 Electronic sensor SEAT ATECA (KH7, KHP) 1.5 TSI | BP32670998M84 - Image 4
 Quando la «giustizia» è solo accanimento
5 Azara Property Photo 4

==

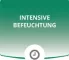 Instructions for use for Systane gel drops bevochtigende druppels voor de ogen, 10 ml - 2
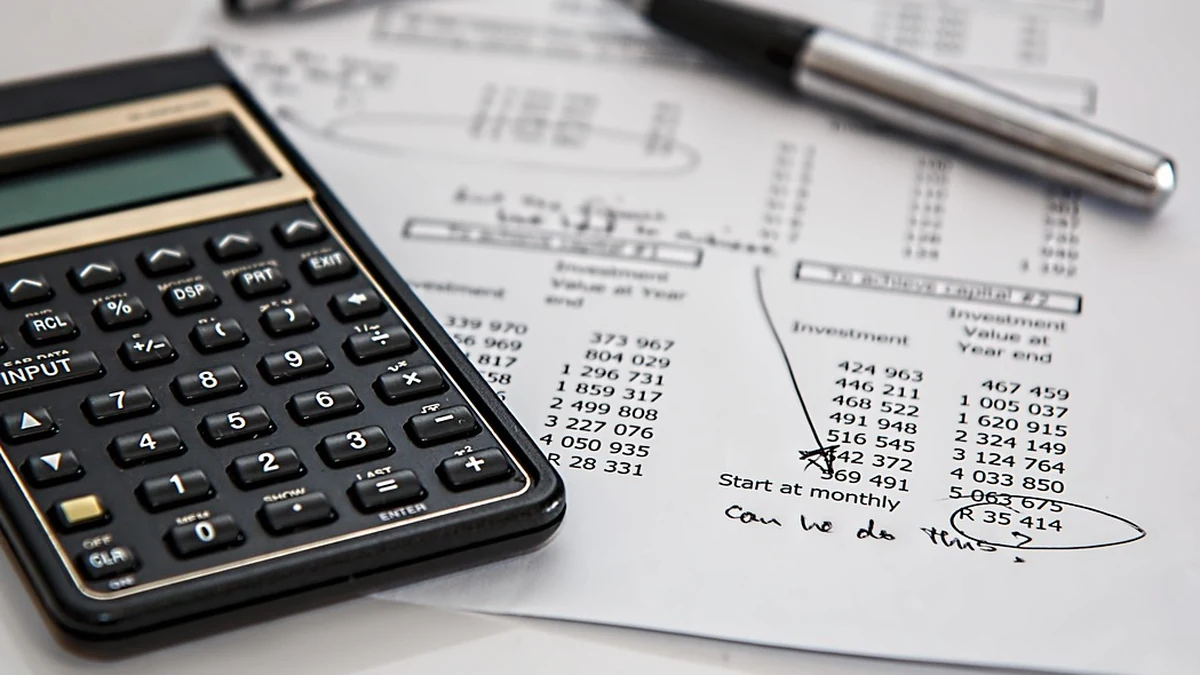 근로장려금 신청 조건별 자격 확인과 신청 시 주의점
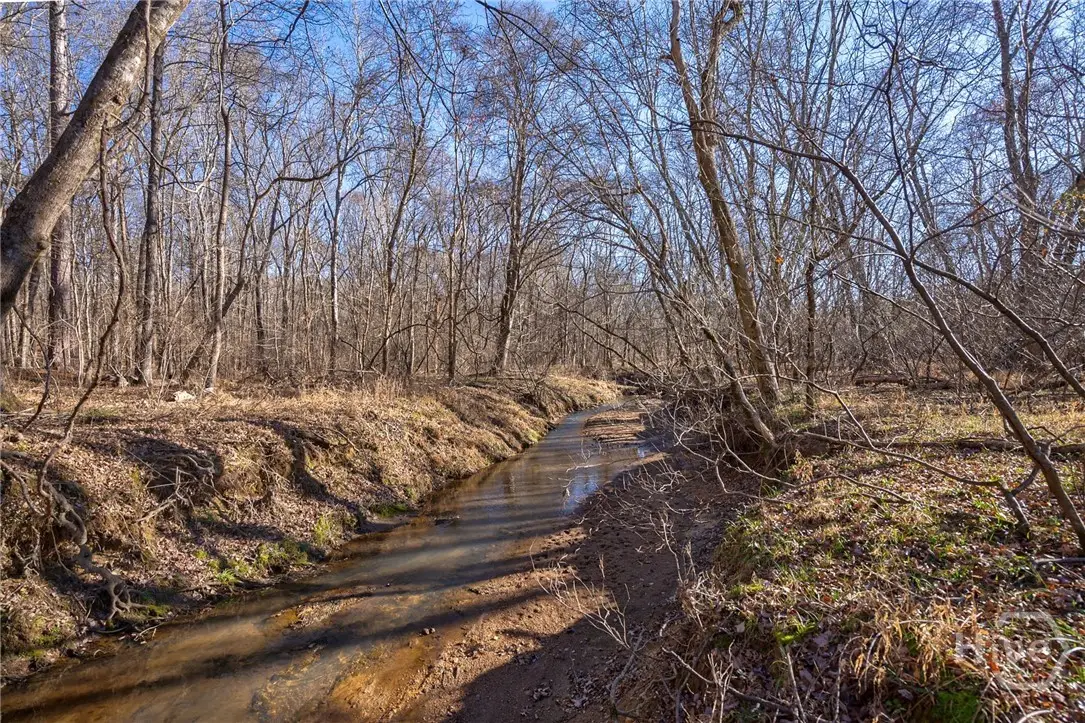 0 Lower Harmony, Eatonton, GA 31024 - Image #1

---

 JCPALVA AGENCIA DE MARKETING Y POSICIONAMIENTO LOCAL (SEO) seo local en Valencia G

Work request:
Copy the entries above exactly, but only the stretch from the line containing "Instructions for use" through the line containing "0 Lower Harmony, Eatonton, GA". Keep both end lines; drop the pictures.

Completed exercise:
 Instructions for use for Systane gel drops bevochtigende druppels voor de ogen, 10 ml - 2
 근로장려금 신청 조건별 자격 확인과 신청 시 주의점
 0 Lower Harmony, Eatonton, GA 31024 - Image #1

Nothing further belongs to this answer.